Typical usage demonstrates creating a JsonObject using builder idioms familiar to users of JSF component builders and producing output via streaming generators like those in StAX implementations. Common patterns show parsing payloads from HTTP requests handled by Servlet containers such as Apache Tomcat or Jetty, and marshalling responses for clients used by Android or JavaFX desktop applications. Example operations include reading nested structures produced by APIs following specifications similar to OpenAPI Specification endpoints, constructing objects for persistence to NoSQL stores like MongoDB or for transmission to messaging systems like Apache Kafka and RabbitMQ, and transforming documents in pipelines inspired by Apache Camel routes. The API also supports streaming large documents without materializing full trees, which is important in environments hosted on platforms such as Amazon Web Services and Google Cloud Platform.
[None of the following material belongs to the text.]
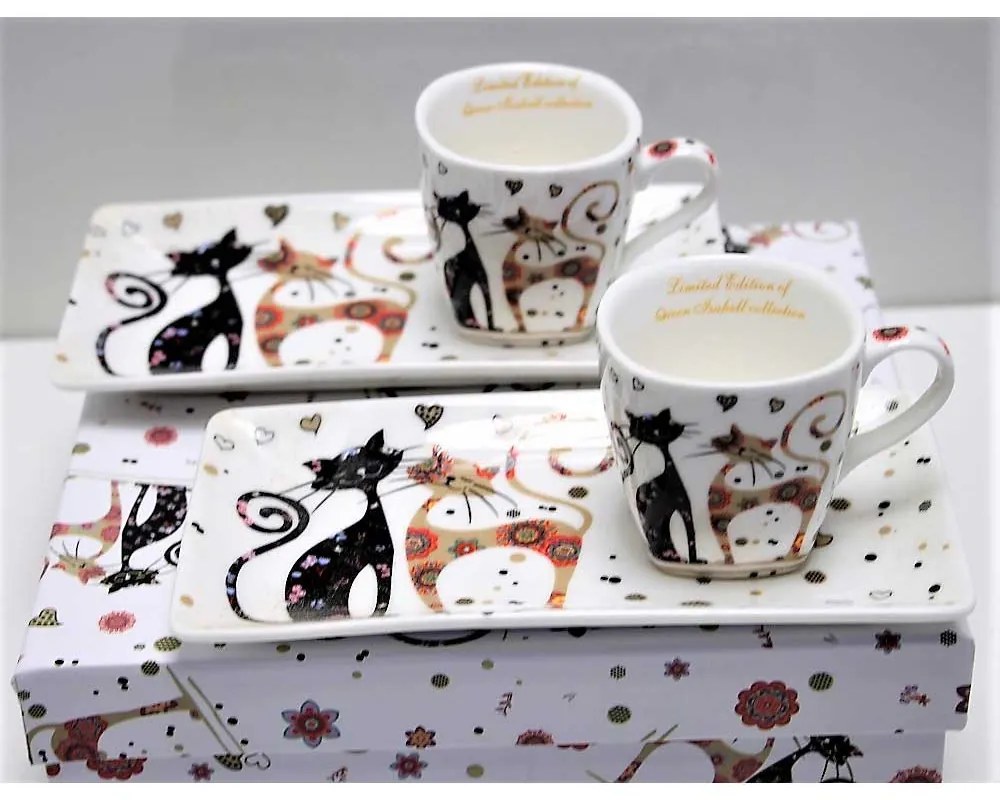 Cicás porcelán eszpresszó kávés csésze tálcával díszdobozban szíves mintával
Multiple implementations arose to satisfy the specification, including reference and community-driven projects maintained by organizations such as Oracle Corporation, GlassFish community contributors, Eclipse Foundation projects, and third-party vendors like Yasson and others influenced by ecosystems around Jakarta EE, MicroProfile, and server runtimes from WildFly and Payara Server. Compatibility matrices addressed integration with Java SE versions, transitions to the Jakarta EE namespace, and interoperability with libraries like Jackson (software) and EclipseLink for JSON-B binding. Packaging and module descriptors were adapted to JPMS and OSGi environments common in enterprise distributions from Red Hat and IBM.
Performance profiles compare the memory and throughput characteristics of the object model versus streaming model, with benchmarks often referencing tooling from JMH and continuous integration systems used by vendors like Travis CI and Jenkins. Streaming parsers minimize garbage creation, which matters for latency-sensitive services deployed on platforms such as Kubernetes and Docker. Security considerations include defenses against malformed input, protection from entity expansion or recursive structures referenced in advisories issued by vendors including Oracle Corporation and Red Hat, secure handling of character encodings as guided by IETF standards, and safe default behaviors for numeric precision to mitigate interoperability bugs reported in large-scale systems like those managed by Netflix and LinkedIn. Best practices align with recommendations from OWASP for preventing injection attacks and ensuring safe logging and exception handling.
Adoption spans Java web frameworks, application servers, microprofile ecosystems, and cloud-native toolchains. Projects and organizations integrating the API include Apache Tomcat, Eclipse GlassFish, WildFly, Payara, Spring Framework-based applications, Quarkus extensions, and tooling from Maven and Gradle. The ecosystem includes adapters and converters for popular persistence solutions like Hibernate, connectors for messaging platforms such as Apache Kafka and ActiveMQ, and developer tooling in IDEs like Eclipse (software), IntelliJ IDEA, and NetBeans. Continued maintenance and community engagement occur through mailing lists, issue trackers, and contribution workflows hosted by foundations and vendors, ensuring the API remains relevant alongside evolving standards in the Java Platform, Standard Edition and cloud-native landscapes.